== Work to complete ==
Give again, exactly and only, the lines running from the one with "Giddy Up Sluts" to the end of the material below; leave out pictures.

== Data provided ==
-------------------------

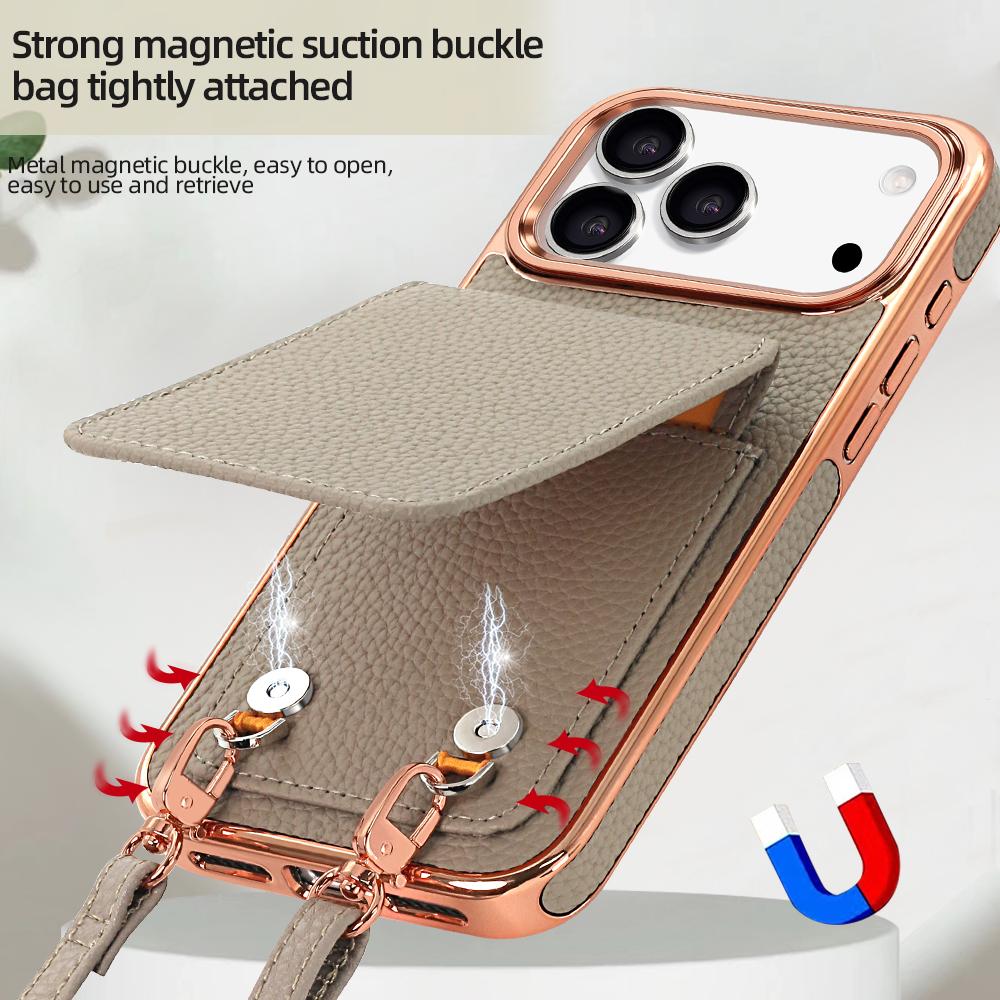 Compatible with iPhone 18 Pro Max VIETAO Litchi Texture Wallet PU Phone Case with Lanyard - Grey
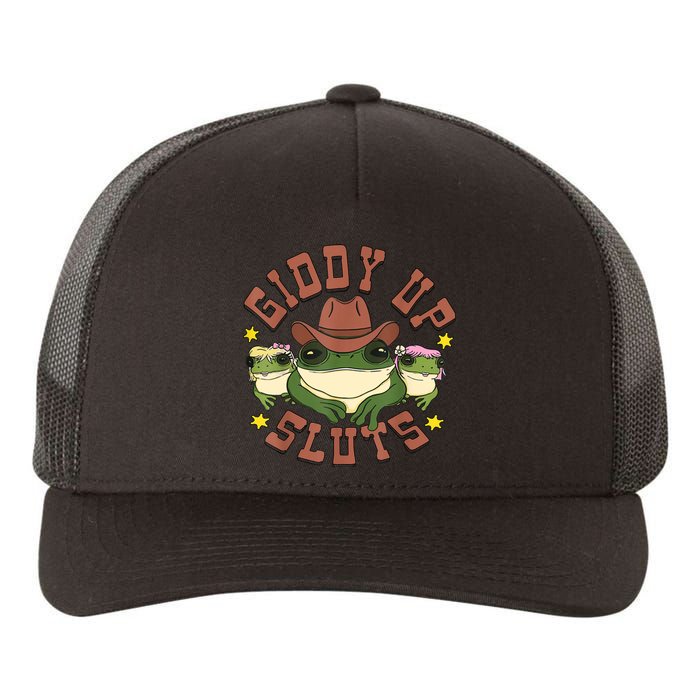 Giddy Up Sluts Funny Western Cowgirl Ranch Rodeo Frog Yupoong Adult 5-Panel Trucker Hat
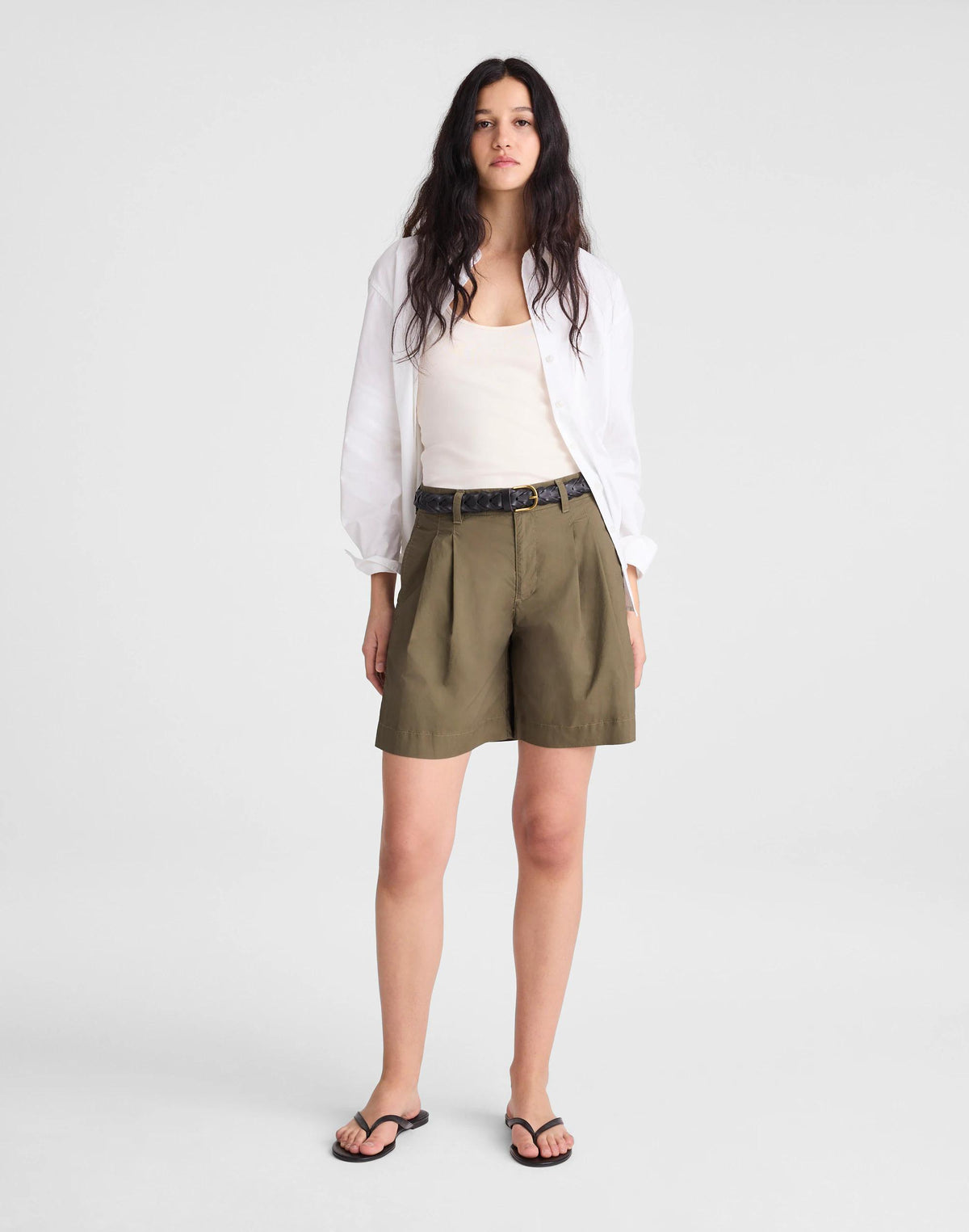Madewell The Everyday Trouser Short in Poplin Faded Ivy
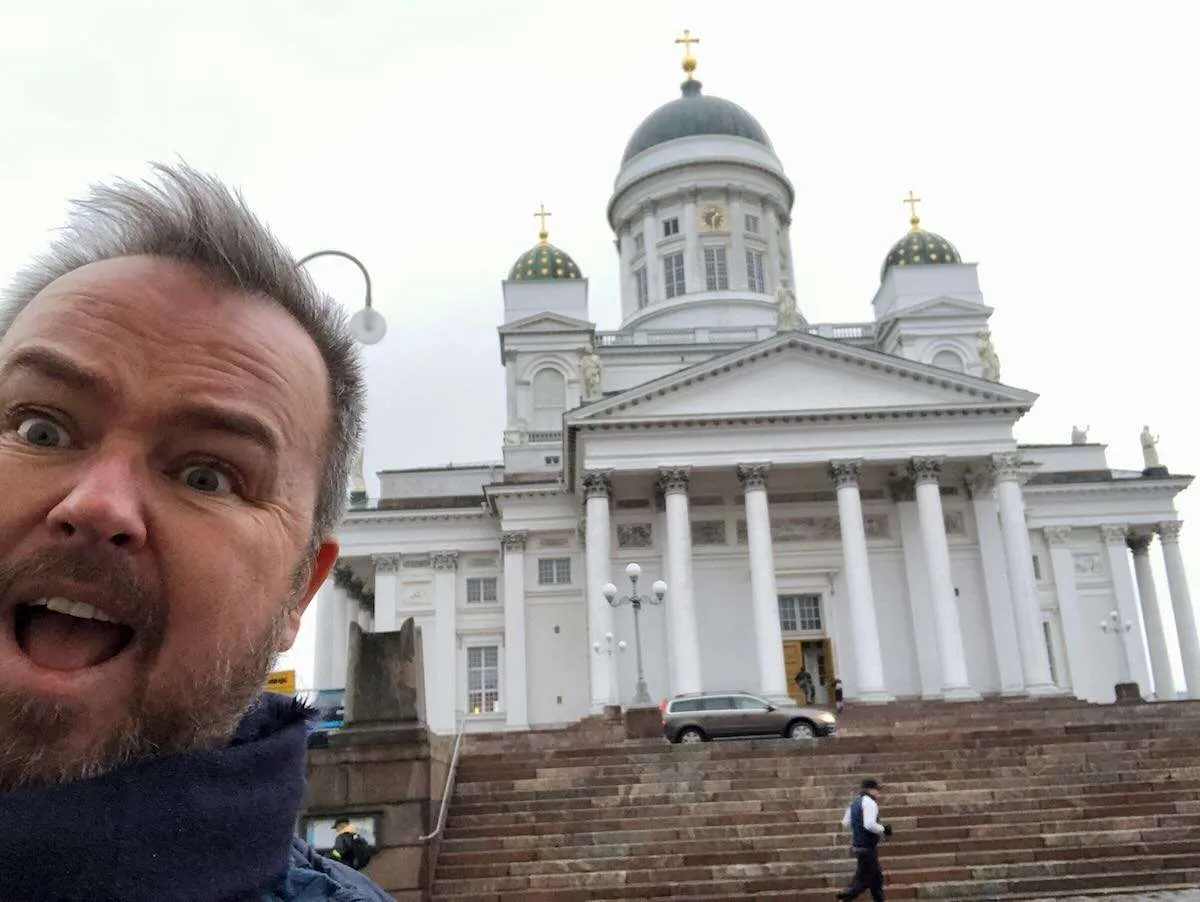 Patrick Hughes outside Helsinki Cathedral 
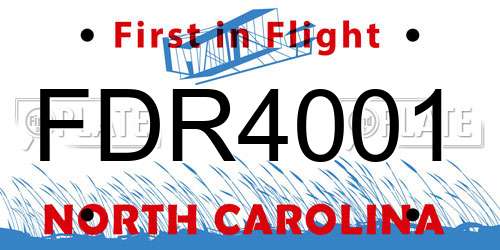 FDR4001 North Carolina License Plate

-------------------------

== Output of the task ==
 Giddy Up Sluts Funny Western Cowgirl Ranch Rodeo Frog Yupoong Adult 5-Panel Trucker Hat
Madewell The Everyday Trouser Short in Poplin Faded Ivy
 Patrick Hughes outside Helsinki Cathedral 
 FDR4001 North Carolina License Plate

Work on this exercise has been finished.